*** Opening of Provided records ***
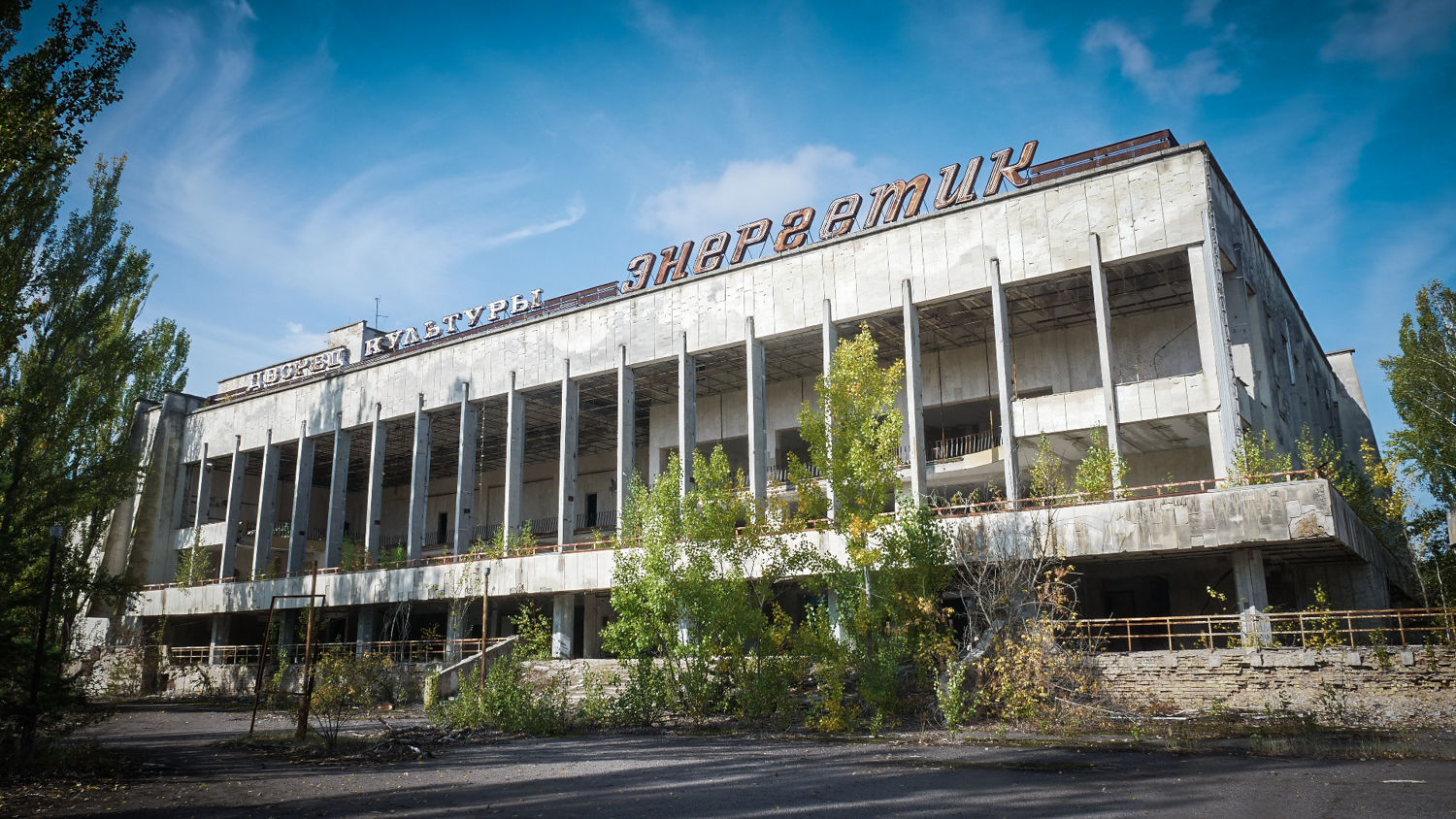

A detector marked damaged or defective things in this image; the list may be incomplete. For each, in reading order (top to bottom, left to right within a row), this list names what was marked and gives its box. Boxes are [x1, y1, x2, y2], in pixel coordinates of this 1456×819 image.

rusted railing [143, 470, 1328, 590]
rusted railing [1064, 609, 1456, 652]
corroded metal fence [1064, 609, 1456, 652]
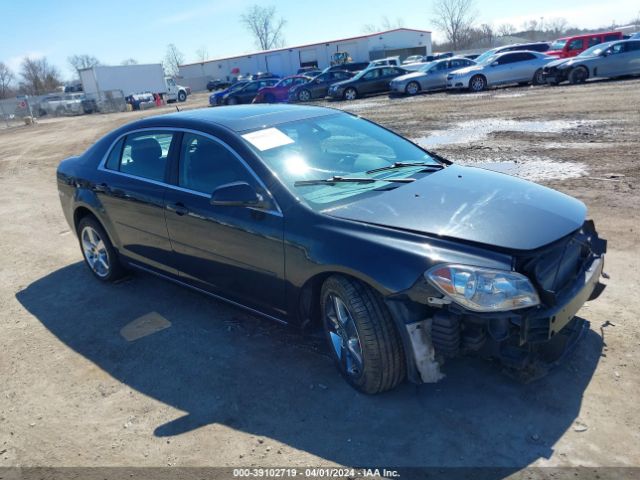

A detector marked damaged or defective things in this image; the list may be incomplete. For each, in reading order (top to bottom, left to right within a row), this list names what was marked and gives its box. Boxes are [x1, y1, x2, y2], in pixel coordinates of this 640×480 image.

crushed front end [390, 220, 604, 382]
*** Close of Provided records ***
▸ **What the task asks**
Print all the entries exactly as they appear, without the pictures.

▸ **Response area**
A detector marked damaged or defective things in this image; the list may be incomplete. For each, in reading order (top to bottom, left to right within a row), this list names what was marked and gives its box. Boxes are [x1, y1, x2, y2], in pixel coordinates of this 1456×819 image.

rusted railing [143, 470, 1328, 590]
rusted railing [1064, 609, 1456, 652]
corroded metal fence [1064, 609, 1456, 652]

A detector marked damaged or defective things in this image; the list may be incomplete. For each, in reading order (top to bottom, left to right within a row), this list names what was marked and gives its box. Boxes are [x1, y1, x2, y2], in pixel coordinates of this 640×480 image.

crushed front end [390, 220, 604, 382]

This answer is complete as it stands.